The assignment of claims of accountant malpractice should not be prohibited in instances where there is reasonably foreseen reliance on the accountant's opinion by the assignee.

Reverse and remand for trial on the merits.

DARDEN, J., concurs.

BAKER, J., concurs with separate opinion.

BAKER, Judge, concurring.

While I agree with the result reached by the majority, I want to make clear that my concurrence is based upon the unique facts of this case, namely that the third party Directors were in fact substantial owners of the Bank, who was the client of the accountant. Although I am not in favor of permitting the assignability of malpractice claims to third parties, see Picadilly, Inc. v. Raikos, 582 N.E.2d 338, 339 (Ind.1991), in light of these specific facts, I agree with the majority's ultimate conclusion that the assignment of the accountant malpractice claim should not be prohibited here as it was reasonably foreseeable that the third party Directors would rely on the accountant's opinion. Therefore, I concur in result.

NOTES

[1] Appellants, in their reply brief, assert that they are challenging the trial court's findings of fact nos. 7, 8, 11, and 12. However, each of these are conclusions of law entered by the trial court, and not findings of fact.

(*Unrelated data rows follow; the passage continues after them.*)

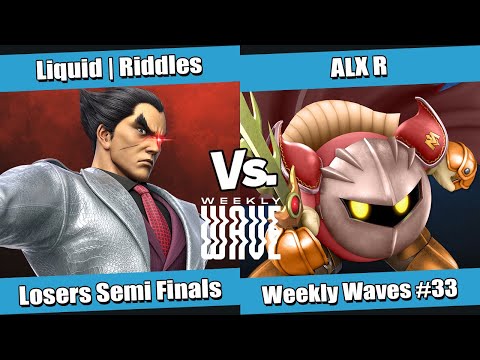 Weekly Wave #33 Losers Semi Finals - Liquid | Riddles (Kazuya) vs ALX R (Meta Knight)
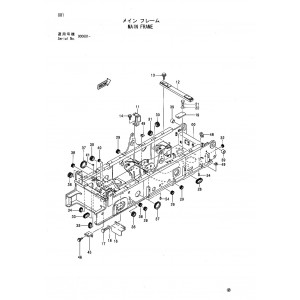 Hitachi-Sumitomo SCX700 Crawler Crane set of Parts Catalogs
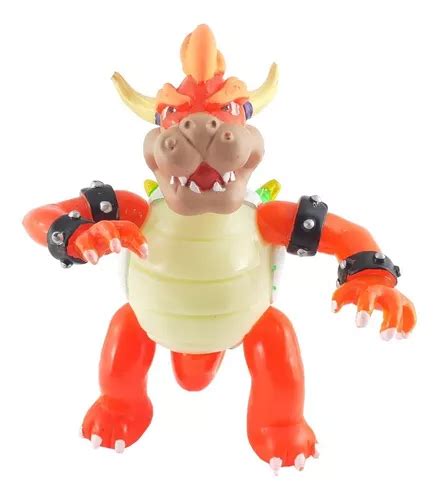 Figura Juguete Mario Bros Mu Eco Bowser Koopa Platico Luz En Venta En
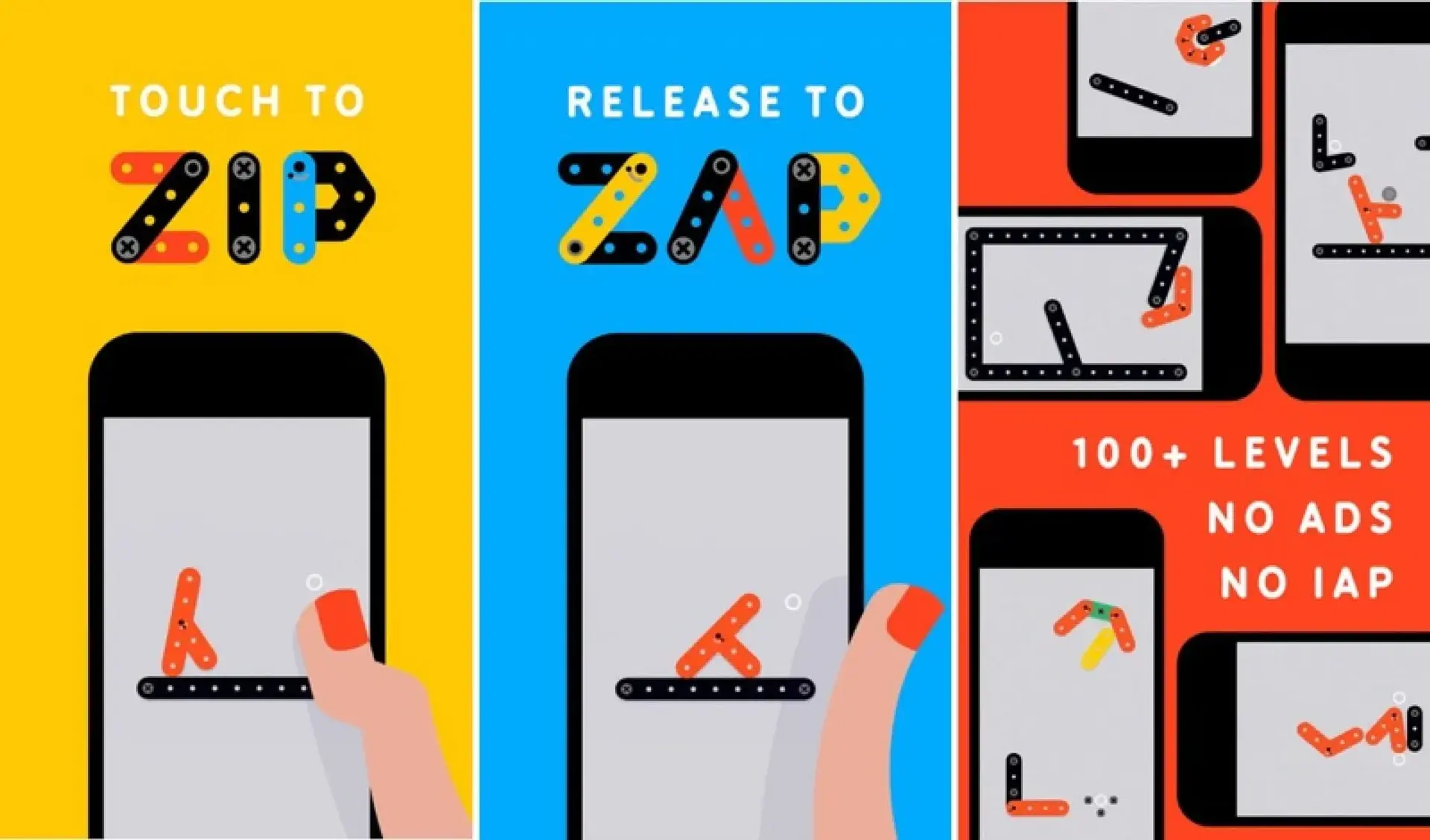 دانلود رایگان بازی Zip-Zap برای پلت فرم iOS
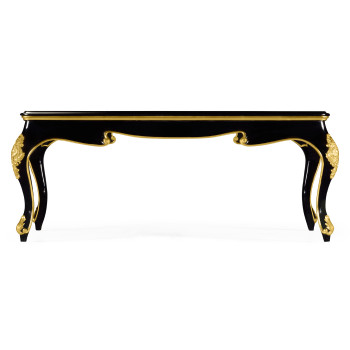 Black Coffee Table with Eglomise Glass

[2] There may be a case in which the seller is not completely forthright with the buyer. For example, the seller may want the sale to proceed but on the seller's terms and not the buyers. Or, the seller is hostile to the buyer and does not want the sale to proceed, such as when there is a hostile takeover of a corporation. In both cases, the seller may withhold confidential information in an effort to control or even prevent the purchase. It would be the seller, and not the accountant, or maybe both parties who would be liable to the buyer. The seller, in defending an action of fraud, etc. against such a buyer, may assert the accountant's liability, thereby voluntarily suspending the seller's privilege.

[3] The applicability of the privity requirement to accounting professionals was considered by the United States Court of Appeals for the Seventh Circuit in Toro Co. v. Krouse, Kern & Co., Inc., 827 F.2d 155 (7th Cir.1987). In that case, the creditor of a client of an accounting firm brought an action against the firm and individual accountants, alleging that it relied upon erroneous audits in extending credit to the client. The District Court entered summary judgment in favor of defendant and the creditor appealed. The question for the Court of Appeals concerned the appropriate standard of care required for accountants under Indiana law.

The Toro court isolated three standards utilized by courts throughout the nation. These standards may be classified as: (1) the Ultramares standard; (2) the Restatement standard; and (3) the "reasonably foreseeable" standard. The Toro court noted that because the Essex court relied on Ultramares, then that standard should be applied to the facts in Toro.